Gran Tierra Energy Inc. (GTE) stock prices were up 5.27% shortly after the trading day commenced on April 28th, 2021, bringing the price per share up to USD$0.69.
BOPD Numbers Surge
GTE has seen consistent growth in Barrels of Oil Produced per Day (BOPD) over the last several quarters, with the current quarter expecting Total Company averages of 28,930 BOPD. This is nearly 10,000 BOPD more than the 18,944 reported in Q3 2020. Q1 2020 reported total company production of 24,463 BOPD. Extrapolating from the strong numbers reported, the company has production guidance of 30,000 BOPD for the fiscal year of 2021.
GTE’s Liquidity Position
The company reported cash and cash equivalents amounting to USD$20 million as of March 31st, 2021, with the company having paid USD$10 million towards its credit facility balance which left it at USD$180 million. Cash and cash equivalents had a balance of USD$14 million as of December 31st, 2020, while the credit facility balance was USD$190 million.
Ramping up Production
Q1 2021 reported the company attempting to workover wells that it had sent offline in 2020 on account of very low oil prices. GTE is making use of two workover rigs to bring them back online, with the average workover cost having gone down by 28% year-over-year. Average costs of drilling per well has gone down for its Acordionero Oil Field by a margin of 36% since 2019, with AC-75 boasting a record cycle time of 10.6 days at a cost of USD$1.9 million.
Develops in Costayaco
March 2021 saw the infill development drilling campaign commence in GTE’s Costayaco Oil Field, the first program initiated in the area since November 2019. Of the three oil producers being drilled, CYC-42 was completed in 12.1 days at a cost of USD$1.9 million, representing savings of 30% in comparison to the last four wells drilled in the region.
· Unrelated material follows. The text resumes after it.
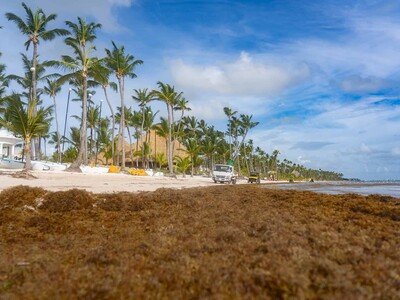  Sargazo: el Caribe enfrenta una nueva normalidad en 2026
The remaining two wells are on their way to start producing by the second quarter of 2021, with workovers on 6 producing wells having been completed in that time period.
More Efficient Drilling
Due largely to the company’s ongoing cost saving initiatives, GTE has successfully brought down costs associated with well drilling and completion capital at their Acordionero site. Compared to reports from 2019, costs of drilling were down by 18% in the first quarter of 2021 while completion capital costs were down by a massive 52%. GTW expects a similar reduction of costs by 18% at their Costayaco oil field, where drilling will commence in Q2 2021.
Future Outlook for GTE
With the restarting of production and ramping up of existing production in wells across its oil field sites, GTE has a well-balanced liquidity position that the company can leverage to facilitate further sustained growth. In conjunction with the impressive reduction in drilling costs, the company is primed for profitability, with current and potential investors confident in the company’s drive to maximize shareholder value.